DATASET EXTRACT START

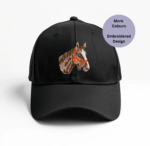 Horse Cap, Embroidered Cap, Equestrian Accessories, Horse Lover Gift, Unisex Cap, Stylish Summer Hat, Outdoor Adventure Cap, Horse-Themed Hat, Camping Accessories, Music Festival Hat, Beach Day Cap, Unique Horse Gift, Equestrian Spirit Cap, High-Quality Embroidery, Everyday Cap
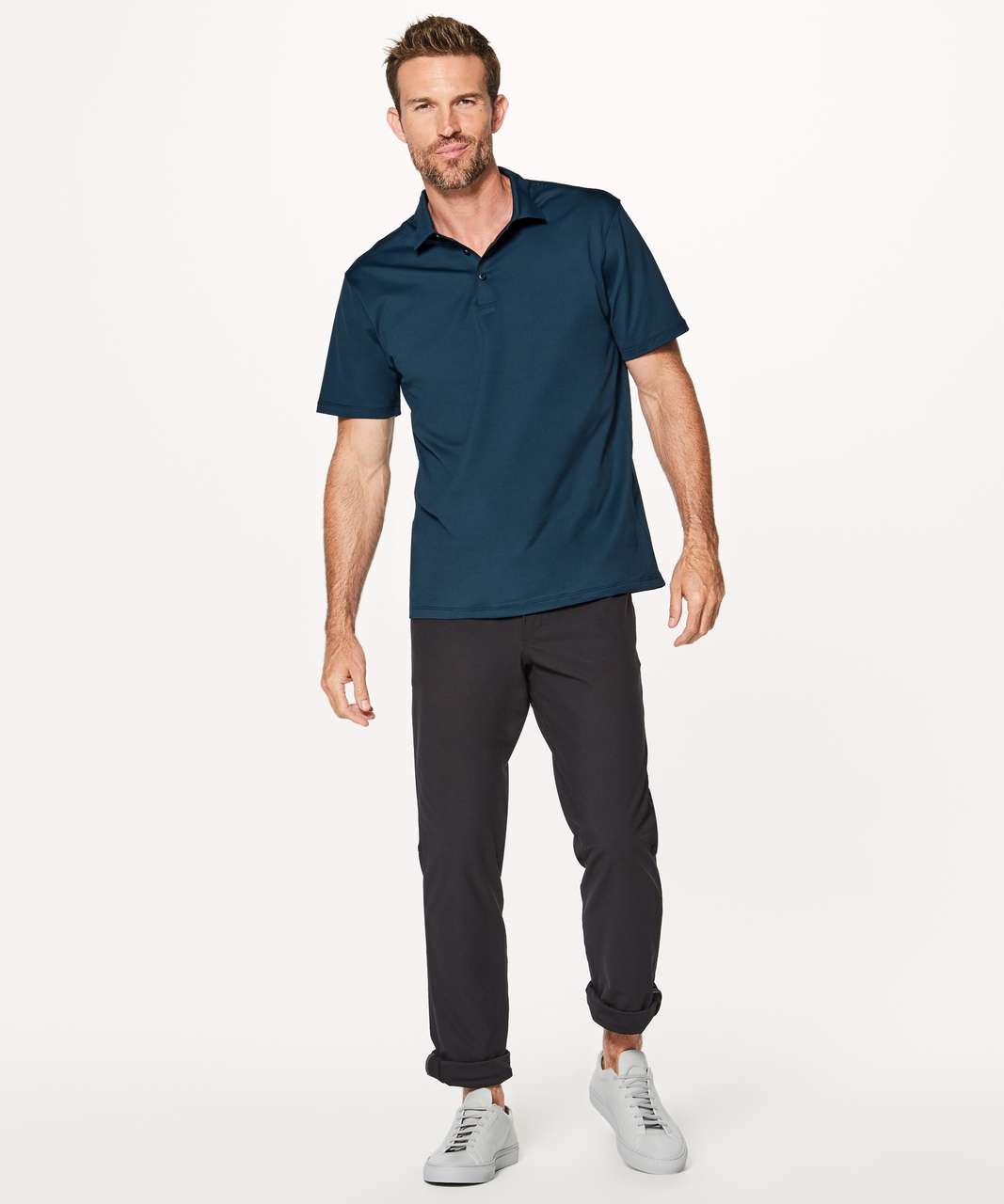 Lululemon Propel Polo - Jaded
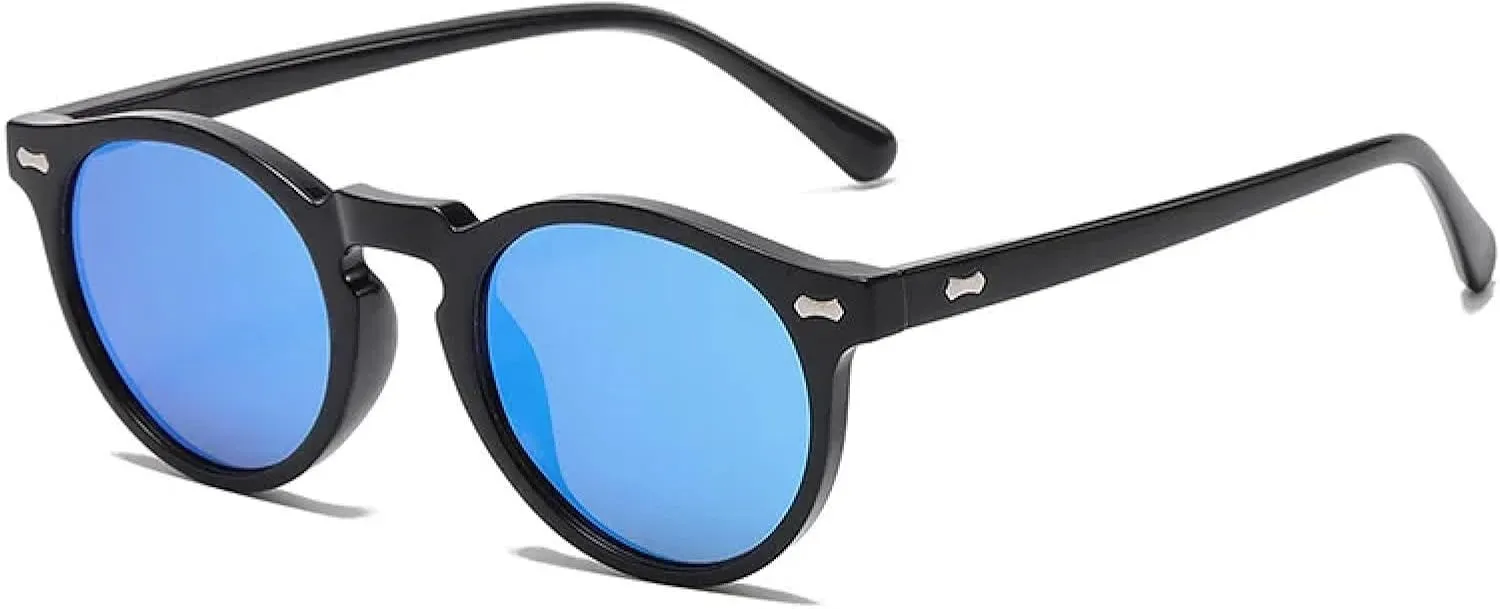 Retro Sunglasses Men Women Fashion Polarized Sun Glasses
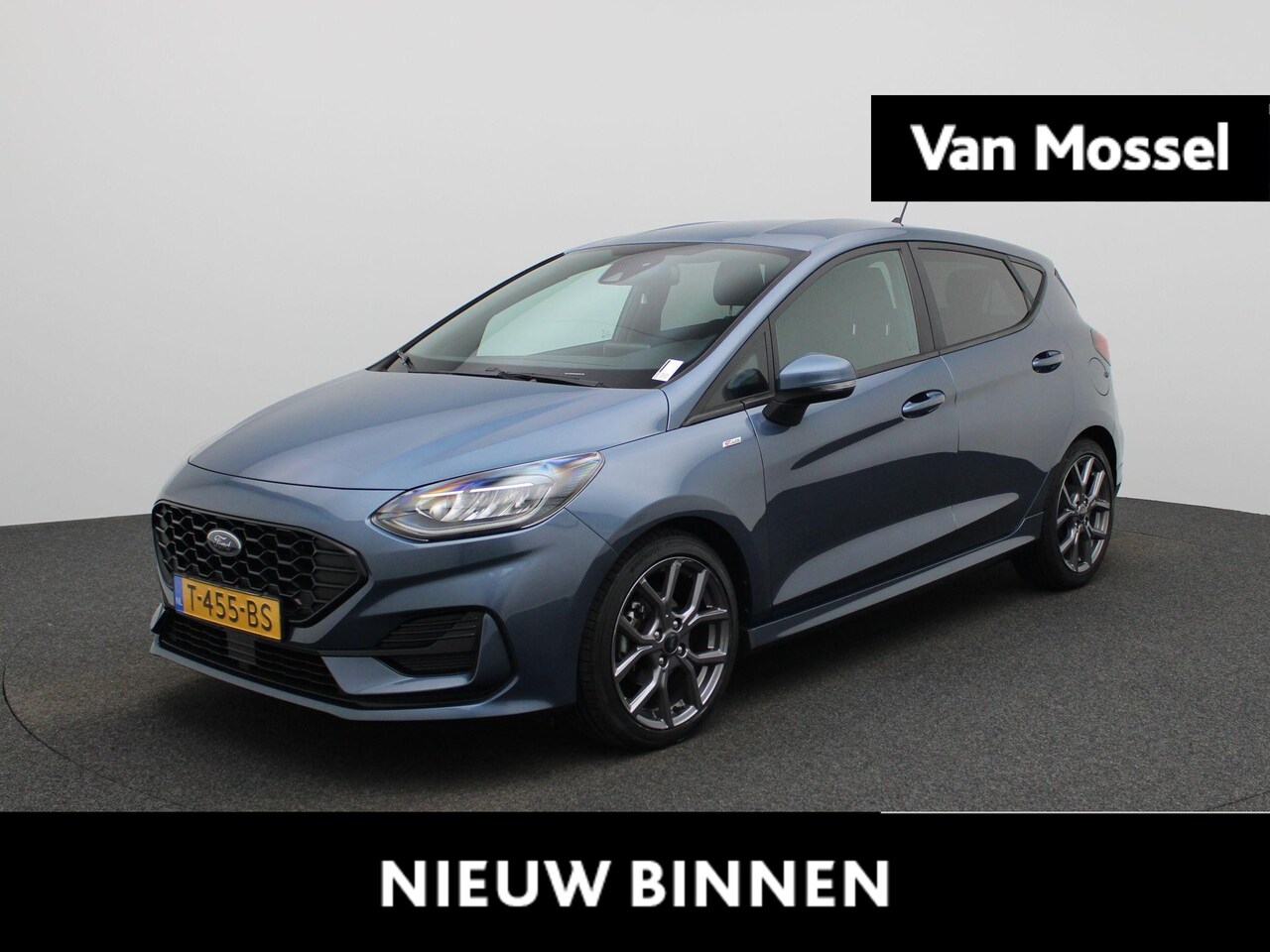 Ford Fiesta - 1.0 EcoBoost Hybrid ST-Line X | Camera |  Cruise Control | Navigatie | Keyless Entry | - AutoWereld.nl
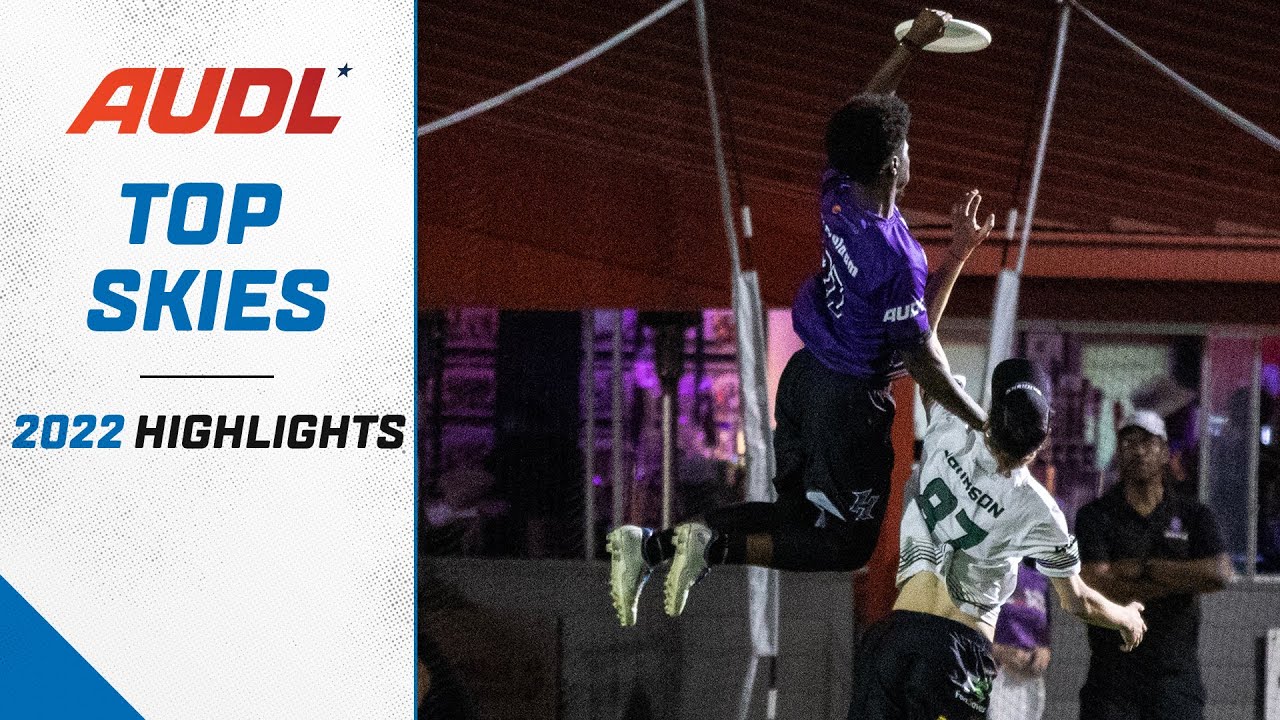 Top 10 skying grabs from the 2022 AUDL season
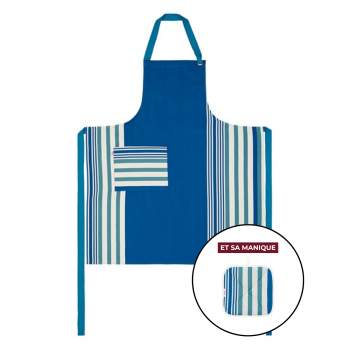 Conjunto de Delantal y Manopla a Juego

DATASET EXTRACT END

● WHAT IS NEEDED
I'd like the records above given again exactly, please, without the pictures.

● RESULT
 Horse Cap, Embroidered Cap, Equestrian Accessories, Horse Lover Gift, Unisex Cap, Stylish Summer Hat, Outdoor Adventure Cap, Horse-Themed Hat, Camping Accessories, Music Festival Hat, Beach Day Cap, Unique Horse Gift, Equestrian Spirit Cap, High-Quality Embroidery, Everyday Cap
 Lululemon Propel Polo - Jaded
 Retro Sunglasses Men Women Fashion Polarized Sun Glasses
 Ford Fiesta - 1.0 EcoBoost Hybrid ST-Line X | Camera |  Cruise Control | Navigatie | Keyless Entry | - AutoWereld.nl
 Top 10 skying grabs from the 2022 AUDL season
 Conjunto de Delantal y Manopla a Juego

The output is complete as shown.